“Eighty years later, filmmaker Karolis Kaupinis has taken this eccentric idea as the kernel of truth from which his beautifully poker-faced feature debut can sprout into an elegant, offbeat fiction that is both steeped in pre-war Lithuanian history and starkly relevant to our current moment — wherever nationalism is being invoked for political capital by powerful cowards.”
““Nova Lituania” is also formally striking. Simonas Glinskis’ photography feels both antique in its monochrome palette and modern in the poreless, ungrained luminosity of its digital imagery. It is classical, with precisely choreographed scenes playing out in frames composed as stringently as a territorial map. But it is also contemporary, in the occasional subtle wobble of the handheld camerawork. All aspects of its craft, including Audrias Dumikas’ meticulous, period-accurate yet also coolly minimalist production design, feel engineered to remind us that its themes straddle the amusingly bygone and the painfully present.”

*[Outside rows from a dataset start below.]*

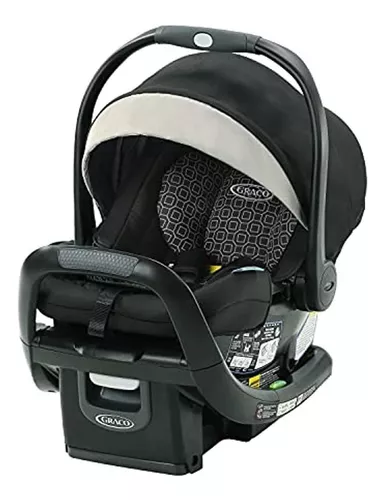 Baby Seat  MercadoLibre 📦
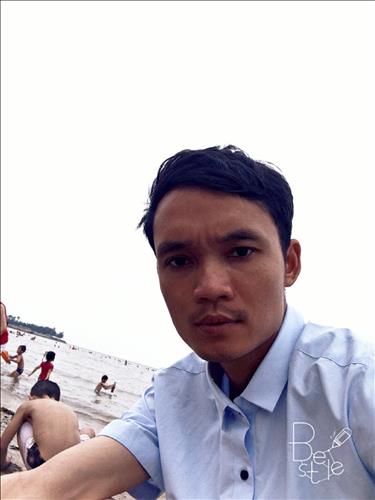 hẹn hò - Hung-Nam -Tuổi:31 - Độc thân--Người yêu lâu dài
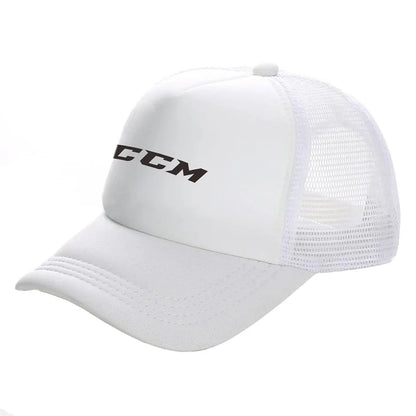 Casquette Trucker - FrencHockey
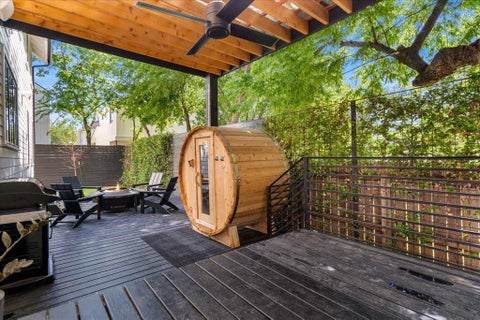 Tiny photo for 1306 Clifford Ave, Austin, TX 78702 (MLS # 8177271)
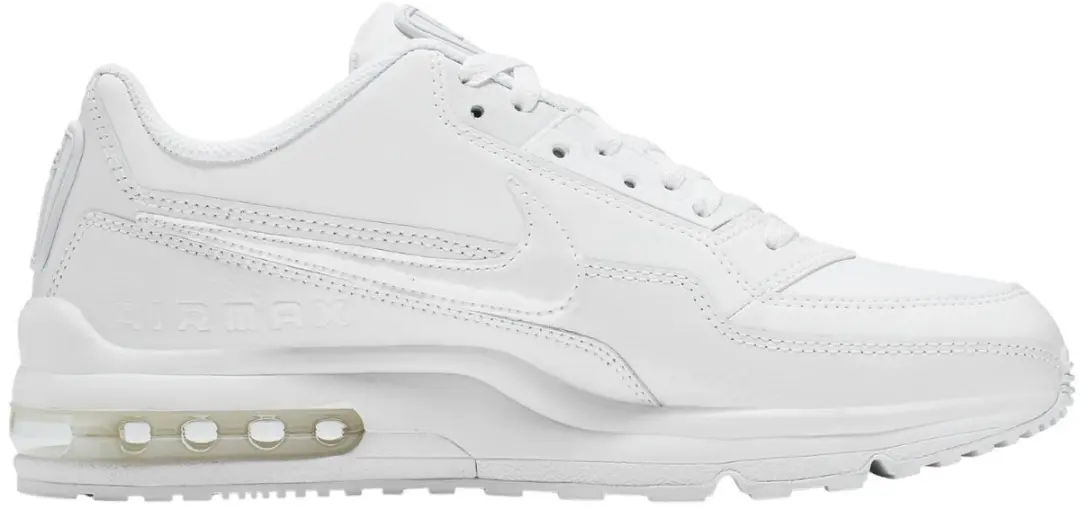 Nike Air Max LTD 3 Heren Sneakers - 45.5 - afbeelding 2 van 6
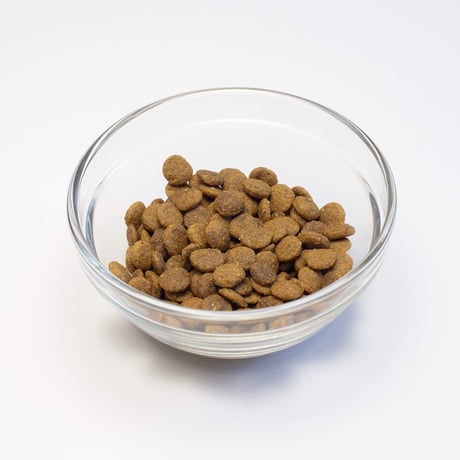 プロベット 猫 ストルバイト（尿石） 3kg/1kg/500g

Karlovy Vary Review: ‘Nova Lituania’ – Jessica Kiang
“Kaupinis has crafted a careful and controlled affair shot in stark black and white. There are moments when the movie almost has an air of satire about it, with some scenes fairly reminiscent of propaganda films. Certainly, the uncertainty about world politics and the almost blithe acceptance that “everything will come out in the wash” shown in the film resonate strongly with the state of the modern world.”
Review: Nova Lituania – Laurence Boyce
“The photography is wonderfully orchestrated by Simonas Glinskis, with the stiffness of its impeccable visual harmony sometimes broken up with a hand-held camera movement. The shifts in black and white gradient from the extremely dark to extremely light serve to accommodate the given atmosphere or character and are cleverly implemented.”